It happens each year like clockwork. Nick D'amato pulls out his Christmas decorations and starts banging out scene after colorful scene.
"This is 55 feet long, 12 feet tall, five section train with about 3,000 led lights on it," he explains.
It's a time-consuming task that's happening all over the country with a lot less lights in most cases.
"I put in that whole drive way just for it," he points out.
It's work like this that Laura Thake and her nephew Mitch Miller have been admiring for years.
"I was definitely in grade school maybe that fourth, fifth grade," Miller says.
"We would drive around every year, we had about 15 that we liked and at the end of it we'd kind of like we want more where's the rest of the houses? How would we find a new place to see and he suggested why don't we do a website," Thake goes on to say.
So they put together a list of their favorites and started searching for more.
"You just never know, sometimes we take those left turns and we find something or sometimes we take that left turn and there's nothing there," Miller adds.
They've taken the roads less traveled and now have about 30 in their curated Christmas light collection on https://www.holidaylighthopping.com/.

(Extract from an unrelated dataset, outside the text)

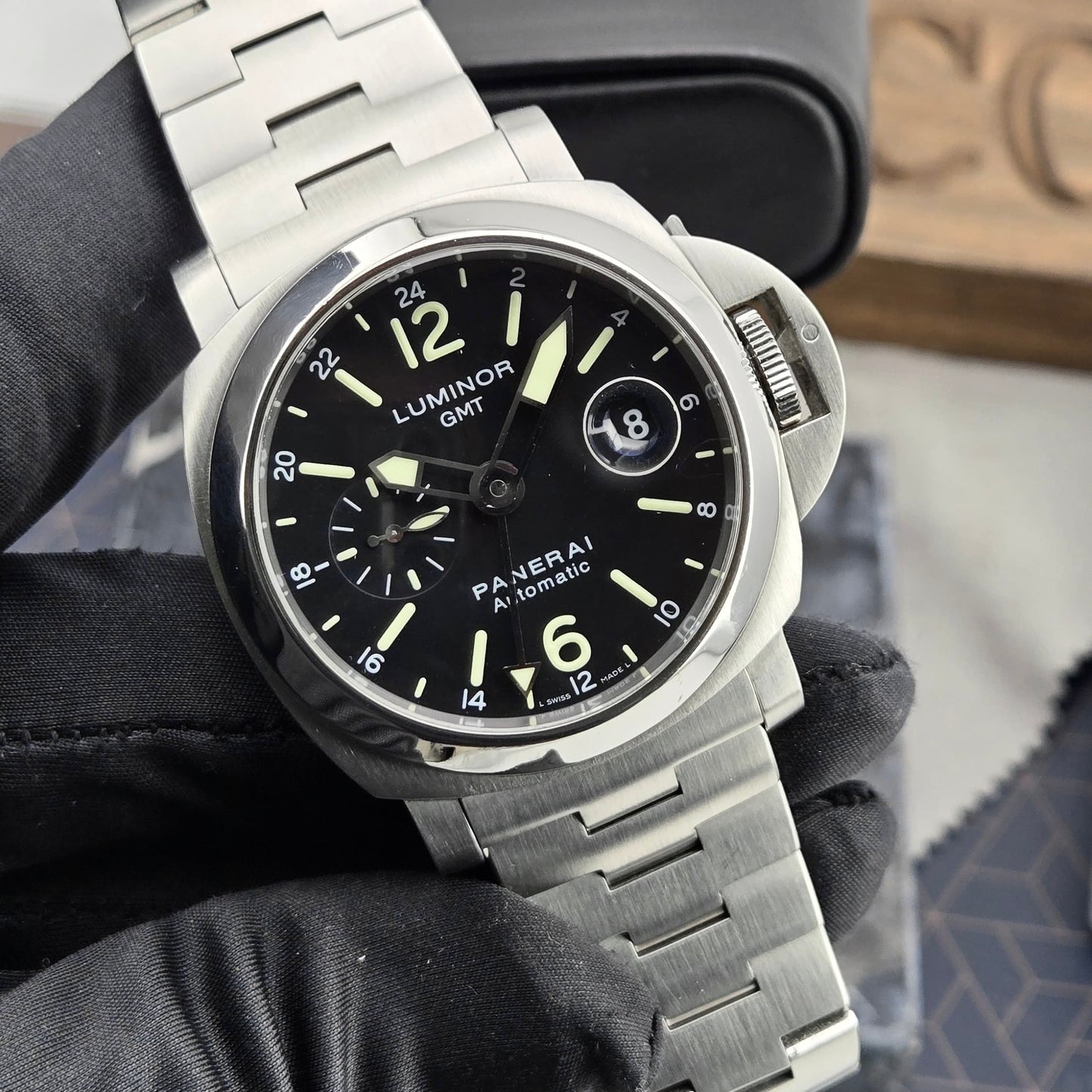 Panerai Luminor GMT 44mm Black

"We just want someone who pays attention to the details who uses a little bit of design style and color," Thake explains.
"I'm not going to send someone some place where they're not going to enjoy themselves," adds her nephew.

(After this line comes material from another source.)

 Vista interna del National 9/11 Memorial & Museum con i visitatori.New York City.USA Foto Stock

They are free displays these holiday light fanatics must see for themselves before they share them online and now home owners like Nick are contacting them.

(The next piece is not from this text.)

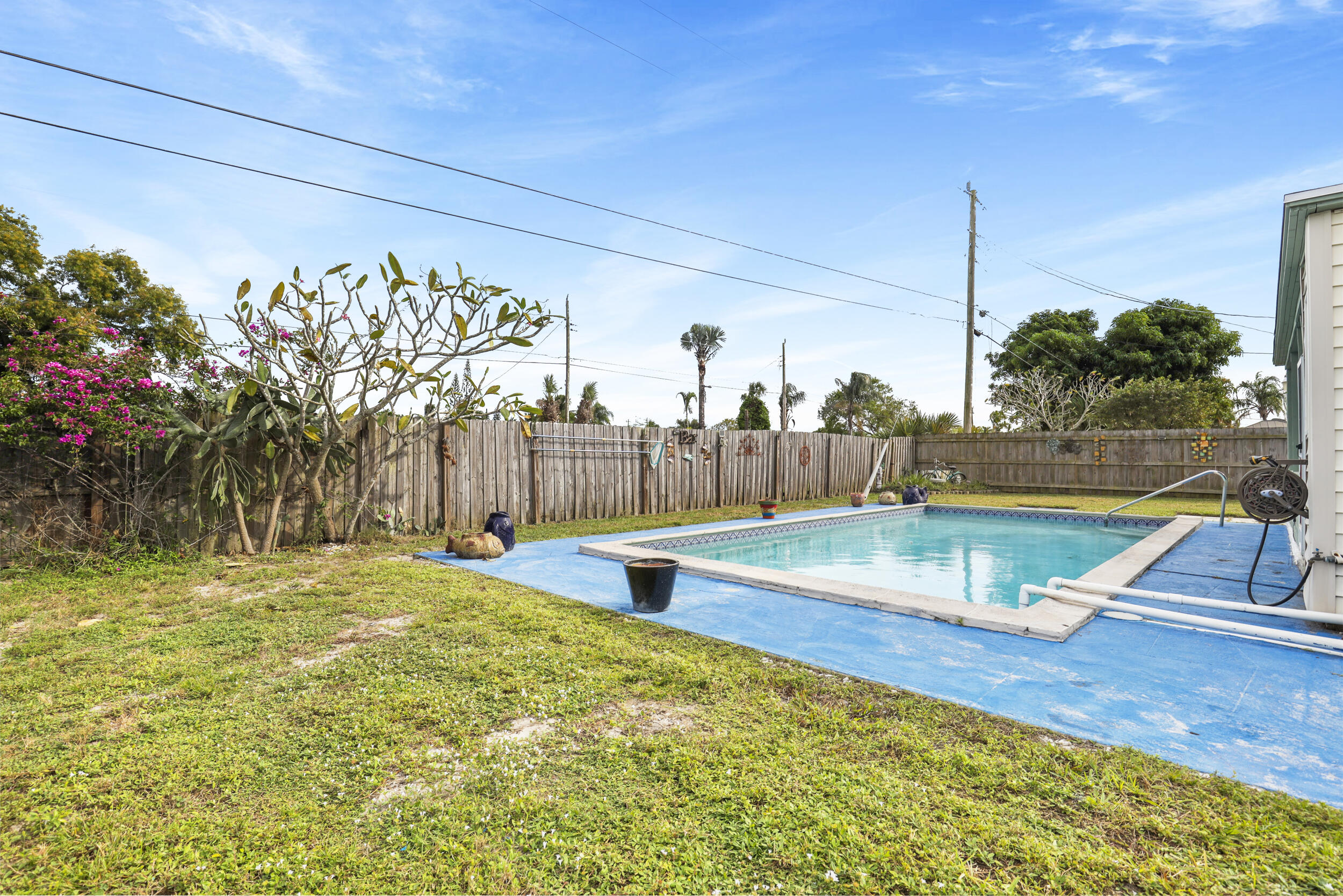 PALM BEACH SQUARE UNIT 5 - Residential Lease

"Somebody said you should be on that and I said I should be on that and I called her up she came out and looked at it and said oh yeah your house deserves to be on this list."
"This knocked my socks off, this is amazing. Not many people have a drive through display," Thake says.
It's a fun business built on a family tradition.
"Don't tell the other aunts, but she's always had the reputation of the cool aunt as we've grown up so it's definitely made that relationship a bit stronger," Miller adds.
And isn't that what the holidays are all about.